Beryl has a hardness of 7.5–8 on the Mohs scale. Most emeralds are highly included, so their toughness (resistance to breakage) is classified as generally poor. Emerald is a cyclosilicate.
- Formula mass: 537.50
- Color: Green shades of colorless
- Crystal habit: Massive to well Crystalline
- Fracture: Conchoidal
- Mohs scale hardness: 7.5–8
- Luster: Vitreous
- Streak: White
- Diaphaneity: Transparent to opaque
- Specific gravity: Average 2.76
- Optical properties: Uniaxial (−)
Emeralds are found all over the world in countries such as Afghanistan, Australia, Austria, Brazil, Bulgaria, Cambodia, Canada, China, Egypt, Ethiopia, France, Germany, India, Italy, Kazakhstan, Madagascar, Mozambique, Namibia, Nigeria, Norway, Pakistan, Russia, Somalia, South Africa, Spain, Switzerland, Tanzania, the United States, Zambia, and Zimbabwe.
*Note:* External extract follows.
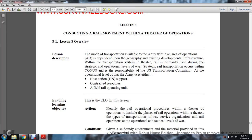Lesson 8: Conducting a Railway Movement Within Theater Operations. Lesson 8 Overview. This lesson describes the modes of transportation available to the Army within the area of operation (AO). This is dependent on the geographic understanding of the developed infrastructure within the transportation system, with the railway primarily used during the strategic and operational levels of war.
Emeralds in antiquity were mined in Egypt at locations on Mount Smaragdus since 1500 BCE, and India, and Austria since at least the 14th century CE. The Egyptian mines were exploited on an industrial scale by the Roman and Byzantine Empires, and later by Islamic conquerors.
Colombia is by far the world’s largest producer of emeralds, constituting 50–95% of the world production, with the number depending on the year, source, and grade.